SINGAPORE - A former assistant engineer of national water agency PUB was on Friday (Aug 27) charged with accepting around $45,000 in bribes and falsifying invoices.
Jamaludin Mohamed, a 58-year-old Singaporean, faces three counts of corruption and two of falsifying accounts.
He was bribed by Singaporean Ganisan Suppiah, 51, who was the project manager of a company called Pipe Works.
Ganisan, who was also charged on Friday, faces one count of corruption and two of abetting Jamaludin in falsifying invoices.
Court documents state that Jamaludin allegedly accepted bribes of around $45,000 from Ganisan in exchange for facilitating and expediting work by Pipe Works that he supervised.
The gratification is said to have changed hands on multiple occasions between 2017 and 2018.
Sometime in July 2019, Jamaludin allegedly attempted to obtain a bribe of $500,000 from another piping works company in exchange for supporting its bid for a tender to replace water mains.
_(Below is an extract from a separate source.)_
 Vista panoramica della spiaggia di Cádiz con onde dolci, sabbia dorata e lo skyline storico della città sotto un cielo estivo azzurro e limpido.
That same month, he allegedly tried to get bribes from a construction company for the same tender.
Both companies rejected his requests.
Between Nov 16 and Nov 23, 2017, Jamaludin also allegedly prepared fake invoices under a company he set up to receive bribes from Ganisan.
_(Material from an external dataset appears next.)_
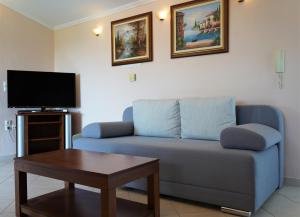 a living room with a blue couch and a table at Villa Ilias in Parga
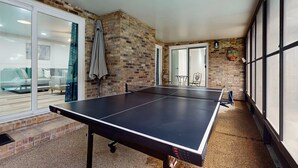 Una mesa de ping pong en una habitación con paredes de ladrillo, ventanas amplias y una puerta corrediza de vidrio que da a un balcón.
Jamaludin told the court on Friday that he intends to plead guilty to his offences.
PUB said in a statement that Jamaludin was dismissed from his post in January this year, following an internal investigation of misconduct. That investigation was unrelated to his alleged corruption offences.
"Indications of Jamaludin's alleged corruption offences were first uncovered by PUB in July 2019 and promptly brought to the attention of the Corrupt Practices Investigation Bureau," the agency said.
"As he has now been formally charged and his case is before the courts, we are unable to offer further comment."
In a statement on Friday, the bureau said Singapore adopts a strict zero-tolerance approach towards corruption.
If convicted of corruption, Jamaludin and Ganisan can each be fined up to $100,000 or jailed for up to five years, or both.
If the offence is related to a matter or contract with the Government or a public body, the maximum jail term for each offence can be increased to seven years.
The offence of falsifying accounts carries a maximum penalty of 10 years' jail and a fine.